[Data extracted from a collection]
+++

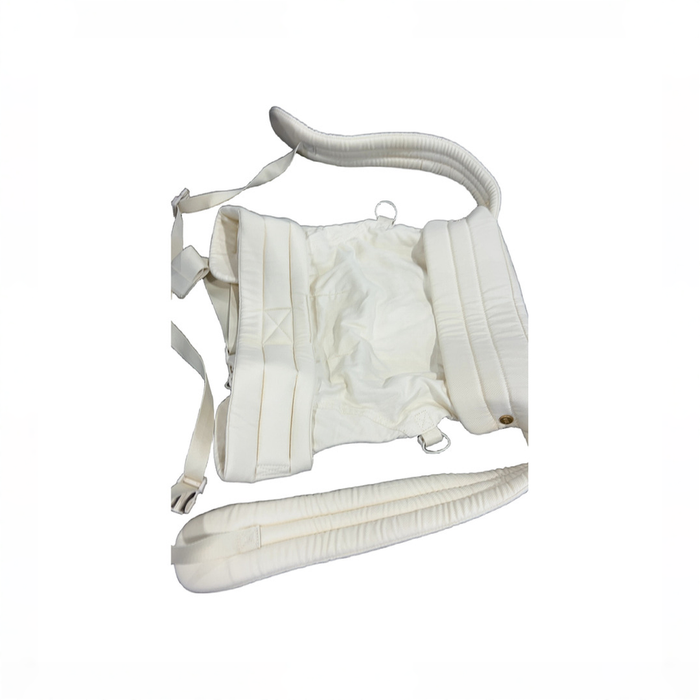 Shop Mabē The Monarch Carrier, Natural Ivory at GoodBuy Gear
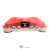 CONSOLE NINTENDO 64 CLEAR RED (JPN) NA CAIXA SEMINOVO - N64 na internet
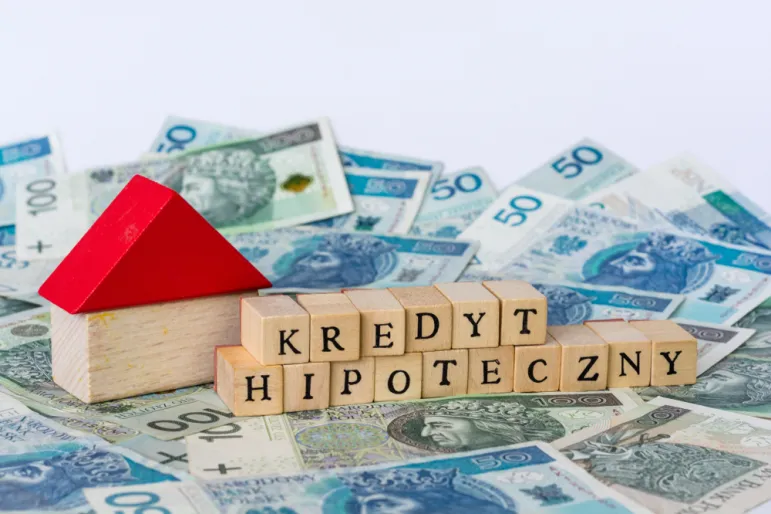 kredyt hipoteczny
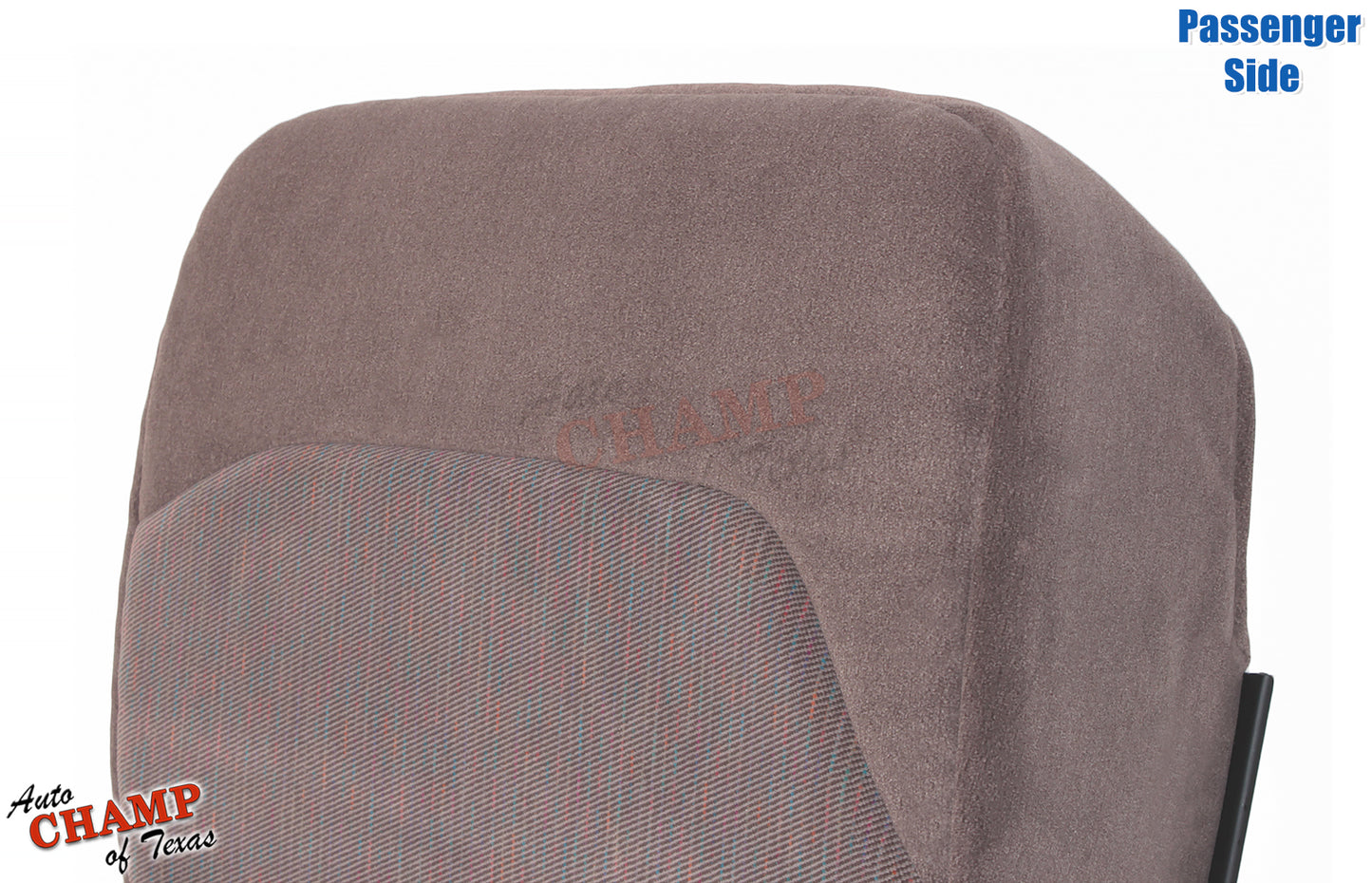 1994 1997 ford f550 tan passenger seat cover 40 20 40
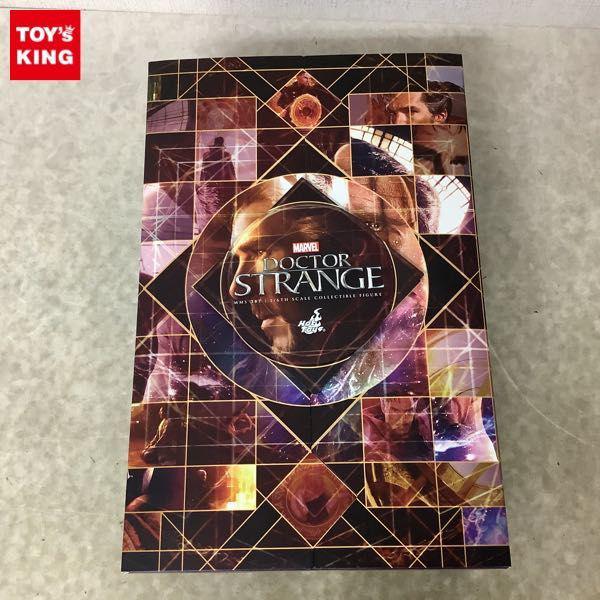 ホットトイズ ムービー・マスターピース 1/6 MMS387 ドクター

+++

Word for word, print all of the data; skip the pictures.

- Response to the task:
 Shop Mabē The Monarch Carrier, Natural Ivory at GoodBuy Gear
 CONSOLE NINTENDO 64 CLEAR RED (JPN) NA CAIXA SEMINOVO - N64 na internet
 kredyt hipoteczny
 1994 1997 ford f550 tan passenger seat cover 40 20 40
 ホットトイズ ムービー・マスターピース 1/6 MMS387 ドクター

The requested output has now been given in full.